L’avertissement lancé par S&P Global Ratings mérite une attention particulière. En Afrique, où l’alimentation représente souvent plus de 40 % du panier de consommation des ménages, toute augmentation durable des coûts agricoles se répercute directement sur le niveau de vie des populations. La hausse des prix des engrais réduit la rentabilité des exploitations, limite les rendements agricoles et renchérit le coût final des denrées. Les conséquences sont d’autant plus préoccupantes que de nombreux pays africains demeurent fortement dépendants des importations alimentaires.
Au-delà de l’impact immédiat sur les prix, cette situation met en lumière une vulnérabilité structurelle du développement africain. Malgré son immense potentiel agricole, le continent reste largement tributaire d’intrants importés, notamment les fertilisants. La perturbation d’un corridor maritime stratégique situé à plusieurs milliers de kilomètres suffit ainsi à fragiliser les chaînes de production locales et à compromettre les efforts de transformation agricole engagés depuis plusieurs années.

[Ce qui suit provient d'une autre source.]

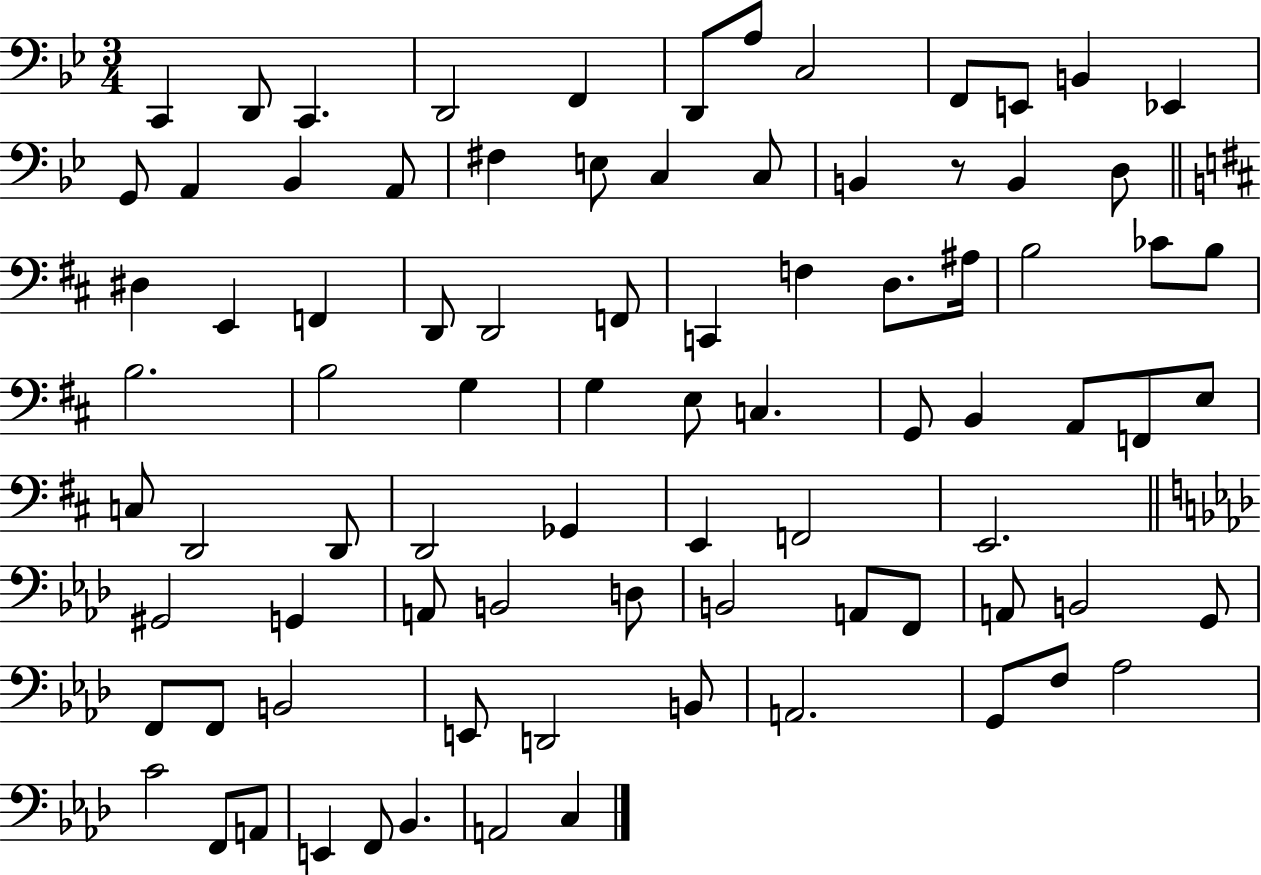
C2/q D2/e C2/q. D2/h F2/q D2/e A3/e C3/h F2/e E2/e B2/q Eb2/q G2/e A2/q Bb2/q A2/e F#3/q E3/e C3/q C3/e B2/q R/e B2/q D3/e D#3/q E2/q F2/q D2/e D2/h F2/e C2/q F3/q D3/e. A#3/s B3/h CES4/e B3/e B3/h. B3/h G3/q G3/q E3/e C3/q. G2/e B2/q A2/e F2/e E3/e C3/e D2/h D2/e D2/h Gb2/q E2/q F2/h E2/h. G#2/h G2/q A2/e B2/h D3/e B2/h A2/e F2/e A2/e B2/h G2/e F2/e F2/e B2/h E2/e D2/h B2/e A2/h. G2/e F3/e Ab3/h C4/h F2/e A2/e E2/q F2/e Bb2/q. A2/h C3/q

Toutefois, les effets de cette crise ne seront pas uniformes. Le Nigeria, confronté à une inflation persistante, à une monnaie affaiblie et à des marges budgétaires limitées, apparaît particulièrement exposé. À l’inverse, plusieurs pays de l’Union économique et monétaire ouest-africaine bénéficient encore de la stabilité relative du franc CFA et de récoltes favorables qui amortissent temporairement les pressions inflationnistes.
Cette divergence souligne l’importance des fondamentaux macroéconomiques dans la capacité de résilience des États africains. Les pays disposant de réserves de change solides, d’une production agricole diversifiée et de politiques de soutien efficaces seront mieux armés pour absorber le choc.
Plus largement, la crise actuelle constitue un signal stratégique pour l’Afrique. Elle renforce l’urgence d’investir dans la production locale d’engrais, dans les infrastructures logistiques régionales et dans la modernisation des systèmes agricoles. La souveraineté alimentaire ne peut plus être considérée comme un objectif sectoriel ; elle est désormais une condition essentielle de la stabilité économique, de la cohésion sociale et du développement durable du continent.
L’épisode d’Ormuz démontre que les défis géopolitiques mondiaux peuvent rapidement se transformer en risques de développement pour l’Afrique. Face à cette nouvelle menace inflationniste, la réponse ne pourra être uniquement conjoncturelle. Elle devra s’inscrire dans une vision de long terme visant à réduire les dépendances extérieures et à construire une agriculture africaine plus compétitive, plus productive et plus résiliente.